Nous ne voulons aucun mal à l'AFP dont nous avons, comme toute la profession, défendu l'indépendance face aux pressions de l'actuel pouvoir politique. Nous comprenons d'autant moins le sort qui nous est réservé, tant nous n'osons croire que ces pressions aient porté leur fruit. L'Agence, comme d'autres rédactions, a accepté notre proposition d'abonnement gratuit à Mediapart - ce n'est donc pas notre modèle économique payant qui est en cause. Sa rédaction sait que, tout jeune journal pas vraiment accommodant ni complaisant, nous ne percerons le mur d'indifférence construit autour de nous qu'avec l'aide de la profession, ce que les confrères de l'audiovisuel ont souvent compris. Et, dans l'état du système d'information en France, l'AFP sait, par sa position dominante, voire exclusive, combien sa prescription pèse et combien, à l'inverse, sa non-prescription peut plonger dans l'oubli une information d'importance.

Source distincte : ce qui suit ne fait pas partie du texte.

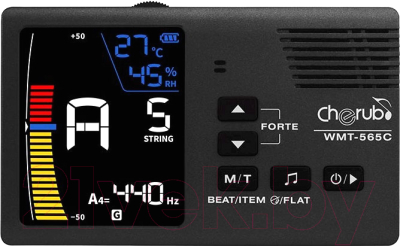 Тюнер Cherub WMT-565C - фото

Encore une fois, nous ne demandons aucun passe-droit. Juste le respect des règles qui valent pour les titres déjà installés. Un média doit toujours sourcer ses informations et, s'il vient après un autre média sur une information jusqu'alors ignorée, il doit le mentionner comme référence, par simple respect confraternel, même s'il a recoupé l'information de son côté. C'est là un principe banal enseigné dans toutes les écoles de journalisme: une façon simple de respecter le droit d'auteur.
Notre faible notoriété ne saurait excuser le pillage du travail de notre rédaction. Tout comme Le Canard Enchaîné qui, de longue date, tient chronique ironique de ces emprunts peu confraternels, nous pourrions tenir désormais la liste de ces mauvaises manières. Mais nous n'avons pas le cœur à cela. Chers confrères, la presse va-t-elle si bien, l'information est-elle en si bonne santé, la profession a-t-elle assez le moral, pour que nous soyons devenus si sauvages les uns envers les autres, si indifférents, si peu solidaires, si peu attentifs et respectueux ?
Quant à vous, lecteurs de Mediapart, qui savez l'idéal de liberté et de vérité qui anime notre équipe, n'hésitez pas à prendre le relais. A faire circuler toutes ces informations que d'autres font semblant d'ignorer ou s'empressent de relativiser.